Could you reproduce, exactly and alone, the lines running from the one with "A large snowman" to the end of the data below?

Extracted records:

○ ○ ○

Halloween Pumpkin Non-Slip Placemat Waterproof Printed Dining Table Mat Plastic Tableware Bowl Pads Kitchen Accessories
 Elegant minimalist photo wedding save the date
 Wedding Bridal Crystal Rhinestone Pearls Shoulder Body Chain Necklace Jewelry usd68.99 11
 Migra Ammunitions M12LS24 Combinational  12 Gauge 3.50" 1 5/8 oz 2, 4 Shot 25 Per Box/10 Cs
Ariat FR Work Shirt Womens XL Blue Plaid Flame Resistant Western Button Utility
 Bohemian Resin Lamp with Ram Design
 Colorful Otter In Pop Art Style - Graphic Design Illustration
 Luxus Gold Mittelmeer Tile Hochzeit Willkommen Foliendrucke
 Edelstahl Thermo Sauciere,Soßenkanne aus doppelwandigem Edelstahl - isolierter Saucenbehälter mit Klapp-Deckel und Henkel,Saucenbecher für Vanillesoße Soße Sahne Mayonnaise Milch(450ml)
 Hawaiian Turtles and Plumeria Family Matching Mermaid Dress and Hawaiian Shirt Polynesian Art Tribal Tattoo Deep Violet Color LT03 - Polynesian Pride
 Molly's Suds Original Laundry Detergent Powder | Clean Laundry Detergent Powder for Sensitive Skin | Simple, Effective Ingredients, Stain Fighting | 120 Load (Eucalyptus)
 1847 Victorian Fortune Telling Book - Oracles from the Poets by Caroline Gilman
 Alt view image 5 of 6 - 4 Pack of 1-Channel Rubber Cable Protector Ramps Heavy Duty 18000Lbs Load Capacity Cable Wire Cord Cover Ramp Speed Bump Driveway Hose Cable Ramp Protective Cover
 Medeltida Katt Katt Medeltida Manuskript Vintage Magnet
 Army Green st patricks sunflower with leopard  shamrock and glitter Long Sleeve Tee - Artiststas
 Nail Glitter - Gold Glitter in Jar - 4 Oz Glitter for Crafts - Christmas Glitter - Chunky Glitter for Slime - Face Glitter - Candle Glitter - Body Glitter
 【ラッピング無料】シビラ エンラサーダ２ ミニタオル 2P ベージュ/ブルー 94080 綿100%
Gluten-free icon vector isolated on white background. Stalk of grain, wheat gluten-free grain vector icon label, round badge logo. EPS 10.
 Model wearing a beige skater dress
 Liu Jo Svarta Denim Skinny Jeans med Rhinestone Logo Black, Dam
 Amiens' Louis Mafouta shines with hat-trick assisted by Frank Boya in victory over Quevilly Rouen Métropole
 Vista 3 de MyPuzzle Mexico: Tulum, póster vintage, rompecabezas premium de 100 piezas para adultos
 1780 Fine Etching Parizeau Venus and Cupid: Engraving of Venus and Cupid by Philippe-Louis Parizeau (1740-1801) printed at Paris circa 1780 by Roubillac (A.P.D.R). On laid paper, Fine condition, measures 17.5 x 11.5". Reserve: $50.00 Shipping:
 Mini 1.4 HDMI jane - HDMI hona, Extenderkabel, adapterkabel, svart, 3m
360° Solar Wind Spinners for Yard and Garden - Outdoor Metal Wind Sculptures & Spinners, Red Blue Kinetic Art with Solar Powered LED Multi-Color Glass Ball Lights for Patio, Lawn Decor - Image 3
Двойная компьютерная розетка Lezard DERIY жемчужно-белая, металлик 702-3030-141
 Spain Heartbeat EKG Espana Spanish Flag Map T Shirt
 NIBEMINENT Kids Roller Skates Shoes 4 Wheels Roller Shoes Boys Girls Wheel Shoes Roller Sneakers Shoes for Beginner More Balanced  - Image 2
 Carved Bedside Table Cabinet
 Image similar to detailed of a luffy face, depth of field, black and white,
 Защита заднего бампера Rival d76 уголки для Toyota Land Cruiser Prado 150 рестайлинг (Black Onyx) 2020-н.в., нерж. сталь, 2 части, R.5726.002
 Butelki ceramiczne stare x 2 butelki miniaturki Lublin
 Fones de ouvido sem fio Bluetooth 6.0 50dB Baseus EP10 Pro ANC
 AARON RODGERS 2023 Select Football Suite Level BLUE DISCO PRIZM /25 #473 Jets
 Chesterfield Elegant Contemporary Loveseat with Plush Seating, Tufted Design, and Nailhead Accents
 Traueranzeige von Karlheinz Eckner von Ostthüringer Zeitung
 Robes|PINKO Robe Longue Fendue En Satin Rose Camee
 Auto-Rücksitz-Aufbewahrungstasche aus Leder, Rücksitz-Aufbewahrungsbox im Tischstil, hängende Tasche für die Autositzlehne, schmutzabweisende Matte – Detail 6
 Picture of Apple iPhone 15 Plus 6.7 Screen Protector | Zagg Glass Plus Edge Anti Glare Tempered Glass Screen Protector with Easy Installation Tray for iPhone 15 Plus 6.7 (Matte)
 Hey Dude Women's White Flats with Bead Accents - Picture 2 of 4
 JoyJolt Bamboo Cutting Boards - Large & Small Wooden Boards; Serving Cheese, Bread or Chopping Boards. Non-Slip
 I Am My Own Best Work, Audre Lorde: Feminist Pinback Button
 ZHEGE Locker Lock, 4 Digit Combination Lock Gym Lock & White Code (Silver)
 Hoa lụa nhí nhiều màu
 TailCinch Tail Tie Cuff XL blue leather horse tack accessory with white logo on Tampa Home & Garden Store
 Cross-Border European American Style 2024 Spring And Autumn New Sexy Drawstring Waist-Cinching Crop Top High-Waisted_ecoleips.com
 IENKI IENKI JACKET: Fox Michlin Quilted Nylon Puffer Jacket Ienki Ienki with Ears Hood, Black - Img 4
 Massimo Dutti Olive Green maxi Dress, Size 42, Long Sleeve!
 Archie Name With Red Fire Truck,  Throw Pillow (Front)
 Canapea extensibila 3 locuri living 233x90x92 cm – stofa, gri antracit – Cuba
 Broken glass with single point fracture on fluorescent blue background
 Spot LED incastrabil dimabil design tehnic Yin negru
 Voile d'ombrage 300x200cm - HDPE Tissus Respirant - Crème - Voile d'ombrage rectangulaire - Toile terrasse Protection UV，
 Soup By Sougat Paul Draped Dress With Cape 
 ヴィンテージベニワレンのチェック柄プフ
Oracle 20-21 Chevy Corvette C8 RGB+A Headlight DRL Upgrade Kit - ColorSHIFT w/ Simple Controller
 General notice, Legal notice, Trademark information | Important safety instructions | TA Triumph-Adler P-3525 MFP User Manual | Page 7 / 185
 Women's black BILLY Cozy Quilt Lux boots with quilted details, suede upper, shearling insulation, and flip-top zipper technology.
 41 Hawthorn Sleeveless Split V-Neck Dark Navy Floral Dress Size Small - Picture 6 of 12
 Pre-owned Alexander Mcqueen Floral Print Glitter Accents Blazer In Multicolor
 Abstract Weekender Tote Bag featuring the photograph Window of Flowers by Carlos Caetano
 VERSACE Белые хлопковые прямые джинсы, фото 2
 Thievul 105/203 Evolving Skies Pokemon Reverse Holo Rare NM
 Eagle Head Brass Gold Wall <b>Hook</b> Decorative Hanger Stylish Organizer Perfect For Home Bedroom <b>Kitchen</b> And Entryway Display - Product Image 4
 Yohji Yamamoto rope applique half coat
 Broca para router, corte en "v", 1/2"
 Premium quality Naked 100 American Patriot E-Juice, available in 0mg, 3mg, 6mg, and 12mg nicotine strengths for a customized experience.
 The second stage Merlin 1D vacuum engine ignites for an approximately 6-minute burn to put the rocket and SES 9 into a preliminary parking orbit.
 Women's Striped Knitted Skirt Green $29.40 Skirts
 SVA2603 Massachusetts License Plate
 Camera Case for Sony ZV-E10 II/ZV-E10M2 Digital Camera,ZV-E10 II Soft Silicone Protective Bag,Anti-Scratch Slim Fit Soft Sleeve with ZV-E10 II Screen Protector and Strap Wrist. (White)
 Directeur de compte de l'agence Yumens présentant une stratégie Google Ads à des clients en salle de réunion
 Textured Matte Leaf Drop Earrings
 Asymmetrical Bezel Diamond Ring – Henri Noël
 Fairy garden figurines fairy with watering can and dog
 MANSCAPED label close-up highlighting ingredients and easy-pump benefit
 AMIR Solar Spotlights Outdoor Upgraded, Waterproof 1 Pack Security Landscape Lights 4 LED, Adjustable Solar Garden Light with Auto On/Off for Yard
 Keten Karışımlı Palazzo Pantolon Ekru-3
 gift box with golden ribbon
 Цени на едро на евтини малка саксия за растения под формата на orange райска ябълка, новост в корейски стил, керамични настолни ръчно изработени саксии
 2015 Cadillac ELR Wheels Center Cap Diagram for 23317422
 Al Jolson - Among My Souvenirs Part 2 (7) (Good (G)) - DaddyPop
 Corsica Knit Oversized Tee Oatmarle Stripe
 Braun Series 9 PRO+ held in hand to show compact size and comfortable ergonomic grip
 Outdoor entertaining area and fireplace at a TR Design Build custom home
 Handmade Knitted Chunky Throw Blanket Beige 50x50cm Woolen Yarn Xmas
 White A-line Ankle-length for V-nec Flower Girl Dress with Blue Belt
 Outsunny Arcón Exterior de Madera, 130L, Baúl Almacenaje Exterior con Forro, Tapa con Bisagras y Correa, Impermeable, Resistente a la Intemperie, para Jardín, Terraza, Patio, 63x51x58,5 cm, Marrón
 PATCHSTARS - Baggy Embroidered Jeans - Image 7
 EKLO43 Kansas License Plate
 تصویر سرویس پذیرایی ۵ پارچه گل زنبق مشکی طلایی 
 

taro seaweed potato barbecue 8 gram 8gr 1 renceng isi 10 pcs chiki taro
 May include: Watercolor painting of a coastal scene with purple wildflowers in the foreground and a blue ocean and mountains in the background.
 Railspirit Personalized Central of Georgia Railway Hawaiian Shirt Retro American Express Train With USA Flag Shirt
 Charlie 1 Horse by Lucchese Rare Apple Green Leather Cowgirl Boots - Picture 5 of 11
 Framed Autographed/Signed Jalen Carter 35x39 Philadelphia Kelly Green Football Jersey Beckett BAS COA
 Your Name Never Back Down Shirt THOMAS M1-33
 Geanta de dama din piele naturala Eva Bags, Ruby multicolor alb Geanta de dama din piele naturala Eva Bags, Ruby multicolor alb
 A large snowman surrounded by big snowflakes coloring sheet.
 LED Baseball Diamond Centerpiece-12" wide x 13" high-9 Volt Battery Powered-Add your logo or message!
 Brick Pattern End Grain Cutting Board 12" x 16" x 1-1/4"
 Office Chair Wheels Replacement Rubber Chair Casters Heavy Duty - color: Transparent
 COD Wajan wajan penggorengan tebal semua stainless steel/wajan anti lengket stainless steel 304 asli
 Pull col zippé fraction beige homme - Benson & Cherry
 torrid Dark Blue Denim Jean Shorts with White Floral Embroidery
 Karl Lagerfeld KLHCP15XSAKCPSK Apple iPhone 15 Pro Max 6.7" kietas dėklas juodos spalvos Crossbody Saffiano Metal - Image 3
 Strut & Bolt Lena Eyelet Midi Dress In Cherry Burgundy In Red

○ ○ ○

→ ANSWER SECTION:
 A large snowman surrounded by big snowflakes coloring sheet.
 LED Baseball Diamond Centerpiece-12" wide x 13" high-9 Volt Battery Powered-Add your logo or message!
 Brick Pattern End Grain Cutting Board 12" x 16" x 1-1/4"
 Office Chair Wheels Replacement Rubber Chair Casters Heavy Duty - color: Transparent
 COD Wajan wajan penggorengan tebal semua stainless steel/wajan anti lengket stainless steel 304 asli
 Pull col zippé fraction beige homme - Benson & Cherry
 torrid Dark Blue Denim Jean Shorts with White Floral Embroidery
 Karl Lagerfeld KLHCP15XSAKCPSK Apple iPhone 15 Pro Max 6.7" kietas dėklas juodos spalvos Crossbody Saffiano Metal - Image 3
 Strut & Bolt Lena Eyelet Midi Dress In Cherry Burgundy In Red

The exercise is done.